I worried a bit when I decided my focus word for the year was going to be fear that I might be conjuring things I didn't want to conjure. Is my life going to become more frightening this year? I certainly hope not, and I don't think it will.
What has happened is that I'm starting to see and hear more about fear in general. I anticipate this increased awareness will continue to happen, and I'll share it with you when it does.
Today I drove from Valdez to Anchorage as the first step on my journey to Bahrain. Many things about that sentence might inspire fear in some: driving 300 miles across Alaska in the dead of winter with temperatures dipping to -23F, traveling to the Middle East at a time when all we hear about is hate towards Americans and women, and, to top it off, doing these things as a woman alone. None of these inspire fear in me. I'm used to traveling alone. I've lived all my life in Alaska and the highways were great. And, while I can't say I have no nerves about Bahrain, I trust the friend I'm visiting when she says it's safe.
What made me think about fear today was a podcast I listened to while barreling across the frozen tundra. The Women on Adventures podcast covers a wide variety of topics of interest to adventurous women. The November 5, 2018, episode included some nattering between the hosts, Kai Gillespie and Jenny Zink, and then a great conversation about FOMO. I confess, the acronym FOMO is what prompted me to listen to this particular episode; I had no idea what it meant. After Kai and Jenny decrypted it as Fear of Missing Out, I realized I had heard of it before.
Their conversation centered around how FOMO drives many of our interactions with and attitudes toward social media, as well as how we feel about ourselves when using social media. What we so often present of ourselves on Facebook, Instagram, etc. is just the high points, the events that make us look happy or successful or at least holding it together. We don't tend to share those instances when we're sad, depressed, or in need of support. As a result, it's not uncommon to hear that people feel bad about themselves because their lives clearly aren't as great as everyone else's. It doesn't seem obvious to us that no one's life can be all roses and rainbows.
All of this drives the question of why we choose to post what we do. Are we trying to seem perfect, or are we just trying to shelter others from our difficult times? Many might say that our crying jags are no one else's business, but by that reasoning, neither are our personal triumphs.
Women on Adventures host Jenny questioned whether she chooses to share photos and anecdotes from her adventures simply to elicit FOMO from others. Does she want to be the one everyone else wants to be? She answered her own question by saying that when she shares a photo of herself on top of a mountain, exhausted but exhilarated, she's trying to say, "Look at me. Look at what I did. I did this thing and it was a really hard thing, but I did it, and if I did it, I know you can, too."
As I was listening to the podcast, I noticed myself nodding in agreement as Jenny spoke. Okay, if I'm perfectly honest I want to inspire a bit of FOMO, a bit of "wow, look at what she's doing - that's so cool!" But mostly what I want others, particularly women, to do is see the amazing things I'm doing (because often they really are amazing, in my humble opinion) and say to themselves, "Wow, that's cool! But look at her: if she can do that so can I!"

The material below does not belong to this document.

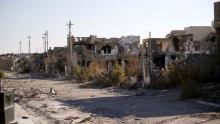Destroyed buildings are seen in the city of Ramadi, January 16, 2016. PHOTO BY REUTERS/Thaier Al-Sudani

Let's face it, I am not the usual face of an active, adventurous woman. I'm 51 years old, overweight, and I complain often about how much my hips ache. No one who didn't know me would take a look and say, "Now there's a woman who climbs mountains." But I am, and I'm very proud of it. I'm likewise confident that the only thing holding most other women back from doing the same, or from following their own adventures, is fear.
It's time to get over it! It's time to take steps - baby steps or great moon-gravity leaps - toward being the brave, adventurous woman (or man or whatever) you want to be. Don't be the one experiencing FOMO, be the one inspiring it. I know you can, but if you'd like a little help, let me know. I'll be happy to give you a boost in the right direction.
Now go. Do.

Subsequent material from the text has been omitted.